She tried to be sympathetic and kind: but she was not much encouraged. Toward afternoon, she left me a good deal alone. “I wonder how people feel when they are going mad,” I said, getting up and putting cold water on my head. I was so engaged with the strange sensations that pursued me, that I did not dwell upon my trouble.
“Is this the way you feel when you are going to die? or what happens if you never go to sleep?” My body was so young and healthy, that it was making a good fight.
Just at dusk, Richard returned. In a little while, about half an hour, Sophie came and told me Richard would like to see me in her little dressing-room.
The day of panic and horror was over, and proprieties must begin their sway. I felt I hated Sophie for making me go out of my own room, but I pulled a shawl over my shoulders and followed her across the hall into her little room. There Richard was waiting for me. He gave me a chair, and then said, “You needn’t wait, Sophie,” and sat down beside me.
Sophie went away half angry, and Richard looked at me uneasily.
“I thought you’d want to see me,” he said.
“Yes,” I answered; “I wish you’d tell me everything,” but in so commonplace a voice, I know that he was startled.
“You do not feel well, do you? Maybe we’d better not talk about it now.”
“Oh, yes. You might as well tell me all to-night.”
“Well, everything is done. The two persons to whom I telegraphed met me at the station. There was very little delay. I went with them to the cemetery.”

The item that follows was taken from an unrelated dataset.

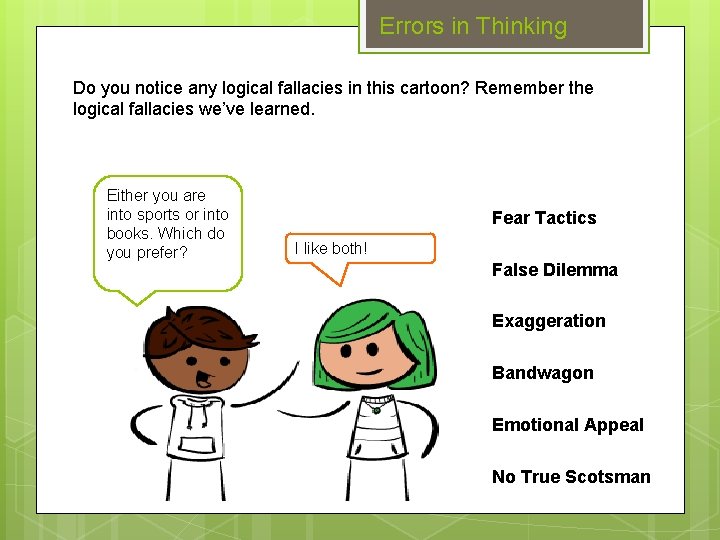 Errors in Thinking Do you notice any logical fallacies in this cartoon? Remember the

“I am very glad of that. I thought perhaps you wouldn’t go. Was there a clergyman, or don’t they have a clergyman when—when—”
“There was a clergyman,” said Richard, briefly.
“I hope you’ll take me there some time,” I said dreamily. “Should you know where to go—exactly?”
“Exactly,” he answered. “But, Pauline, I am afraid you havn’t rested at all to-day. Have you slept?”
“No; and I wish I could; my head feels so strangely—light, you know—and as if I couldn’t think.”
“Haven’t you seen the Doctor?”
“No—and that’s what I want to say. I won’t have the Doctor here; and I want you to take me home to-morrow morning, early, I have put a good many of my clothes into my trunk, and Bettina will help me with the rest to-night. Isn’t there any train before the five o’clock?”
“No,” said Richard, uneasily. “Pauline, I think you’d better not arrange to go away to-morrow.”
“If you don’t take me out of this house I shall go mad. I have been thinking about it all day, and I know I shall.”
Richard was silent for a moment, then, with the wise instinct of affection, wonderful in man, and in a man who had had no experience in dealing with diseased or suffering minds, he acquiesced in my plan to go; told me that we would take the earliest train, and interested me in thoughts about my packing. About nine o’clock he came to my room-door, and I heard some one with him. It was the Doctor.